There’s an obvious reason why the genius needs to be eccentric—the better to see the world not as it is, but as it could be. Change is hard, the forces of stasis powerful, the views in favor of the status quo entrenched.
Which brings us to the case of Elon Musk.
Lately, we’ve been focused on the first half of the archetype, the eccentric, with him. It’s almost hard to remember that Musk helped pioneer online payments despite the power of the credit card industry, pioneered private spaceflight despite the power of defense contractors and government space agencies, and pioneered the first popular electric car in a century despite the powers of the auto industry, the oil industry, and a few others.

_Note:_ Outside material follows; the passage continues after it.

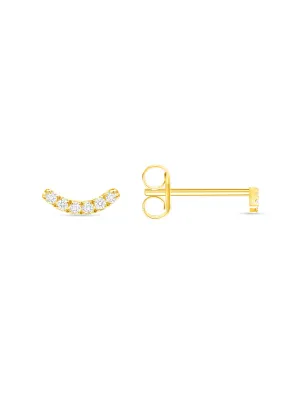 Bridge Diamond Stud Earring 14K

Instead, it’s the Tesla and SpaceX CEO’s hijinks that have drawn all the attention. The crazy tweets, the crazy lawsuits, the crazy baby name that I can’t mention here not because it’s inappropriate but because my web typography skills don’t encompass all the proper characters. And to the dear PR person who emailed me yesterday with an offer to interview the developer of the Instagram photo filter that allowed Musk and his girlfriend Grimes to post a picture of the young lad with faux facial tattoos, sorry, no, I can’t even.

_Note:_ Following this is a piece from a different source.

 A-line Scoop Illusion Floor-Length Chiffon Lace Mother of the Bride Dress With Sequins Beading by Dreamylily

But even if we have a little fun with Elon now and then, we should still acknowledge that making electric cars cool and relatively affordable (complete with a nationwide charging network to address the range issue) is an awe-inspiring and possibly planet-saving move. That putting hundreds of broadband satellites in space to offer fast Internet service to everyone in the world (without going bankrupt even once) could be another game changer for the planet.
That’s not to say that everything Musk does is making the world better. His recent attempt to keep a Tesla factory open during a shelter-in-place order was accused of putting lives at risk, for example.
But who knows what comes next? We might still be debating Musk’s deeds as we scooter across the red landscape in our Tesla Mars rovers.